Hi Horiguchi-san!

On 2019/07/11 19:56, Kyotaro Horiguchi wrote:
Hello.

At Tue, 9 Jul 2019 17:38:44 +0900, Tatsuro Yamada <tatsuro.yamada...@nttcom.co.jp> 
wrote in <244cb241-168b-d6a9-c45f-a80c34cdc...@nttcom.co.jp>
Hi Alvaro, Anthony, Julien and Robert,

On 2019/07/09 3:47, Julien Rouhaud wrote:
On Mon, Jul 8, 2019 at 8:44 PM Robert Haas <robertmh...@gmail.com>
wrote:

On Mon, Jul 8, 2019 at 2:18 PM Alvaro Herrera
<alvhe...@2ndquadrant.com> wrote:
Yeah, I got the impression that that was determined to be the
desirable
behavior, so I made it do that, but I'm not really happy about it
either.  We're not too late to change the CREATE INDEX behavior, but
let's discuss what is it that we want.

I don't think I intended to make any such determination -- which
commit do you think established this as the canonical behavior?

I propose that once a field is set, we should leave it set until the
end.
+1
Note that this patch is already behaving like that if the table only
contains dead rows.

+1 from me.

3785|13599|postgres|16384|f|16384|analyzing complete|0|0 <-- Added and
fixed. :)
---------------------------------------------------------

I have some comments.

+               const int   index[] = {
+                       PROGRESS_ANALYZE_PHASE,
+                       PROGRESS_ANALYZE_TOTAL_BLOCKS,
+                       PROGRESS_ANALYZE_BLOCKS_DONE
+               };
+               const int64 val[] = {
+                       PROGRESS_ANALYZE_PHASE_ANALYSIS,
+                       0, 0

Do you oppose to leaving the total/done blocks alone here:p?


Thanks for your comments!
I created a new patch based on your comments because Alvaro allowed me
to work on revising the patch. :)


Ah, I revised it to remove "0, 0".



+  BlockNumber  nblocks;
+  double    blksdone = 0;

Why is it a double even though blksdone is of the same domain
with nblocks?
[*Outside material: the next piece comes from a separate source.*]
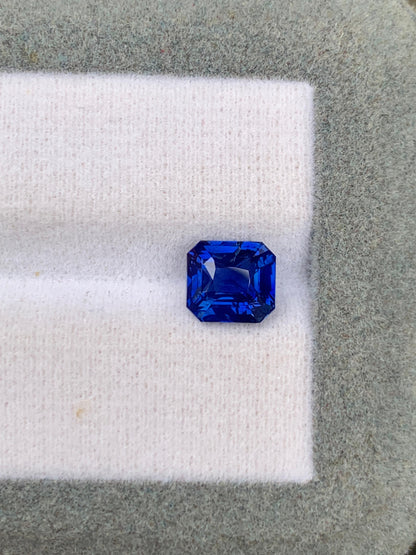 Un saphir bleu taille émeraude d'un bleu profond de 2,53 carats, provenant du Sri Lanka, signé [NOUVEAU] Bonnot Paris, repose sur un fond de tissu blanc et vert, mettant en valeur ses facettes brillantes et sa couleur intense. Cette pierre précieuse non chauffée séduit par son charme naturel.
And finally:

+    pgstat_progress_update_param(PROGRESS_ANALYZE_BLOCKS_DONE,
+                   ++blksdone);

It is converted into int64.


Fixed.
But is it suitable to use BlockNumber instead int64?


+                      WHEN 2 THEN 'analyzing sample'
+                      WHEN 3 THEN 'analyzing sample (extended stats)'

I think we should avoid parenthesized phrases as far as
not-necessary. That makes the column unnecessarily long. The
phase is internally called as "compute stats" so *I* would prefer
something like the followings:

+                      WHEN 2 THEN 'computing stats'
+                      WHEN 3 THEN 'computing extended stats'



+                      WHEN 4 THEN 'analyzing complete'

And if you are intending by this that (as mentioned in the
documentation) "working to complete this analyze", this would be:

+                      WHEN 4 THEN 'completing analyze'
+                      WHEN 4 THEN 'finalizing analyze'


I have no strong opinion, so I changed the phase-names based on
your suggestions like following:

  WHEN 2 THEN 'computing stats'
  WHEN 3 THEN 'computing extended stats'
  WHEN 4 THEN 'finalizing analyze'

However, I'd like to get any comments from hackers to get a consensus
about the names.



+     <entry>Process ID of backend.</entry>

of "the" backend. ? And period is not attached on all
descriptions consisting of a single sentence.

+      <entry>OID of the database to which this backend is connected.</entry>
+      <entry>Name of the database to which this backend is connected.</entry>

"database to which .. is connected" is phrased as "database this
backend is connected to" in pg_stat_acttivity. (Just for consistency)


I checked the sentences on other views of progress monitor (VACUUM,
CREATE INDEX and CLUSTER), and they are same sentence. Therefore,
I'd like to keep it as is. :)



+      <entry>Whether the current scan includes legacy inheritance 
children.</entry>

This apparently excludes partition tables but actually it is
included.

   "Whether scanning through child tables" ?

I'm not sure "child tables" is established as the word to mean
both "partition tables and inheritance children"..


Hmm... I'm also not sure but I fixed as you suggested.



+       The table being scanned (differs from <literal>relid</literal>
+       only when processing partitions or inheritance children).

Is <literal> needed? And I think the parentheses are not needed.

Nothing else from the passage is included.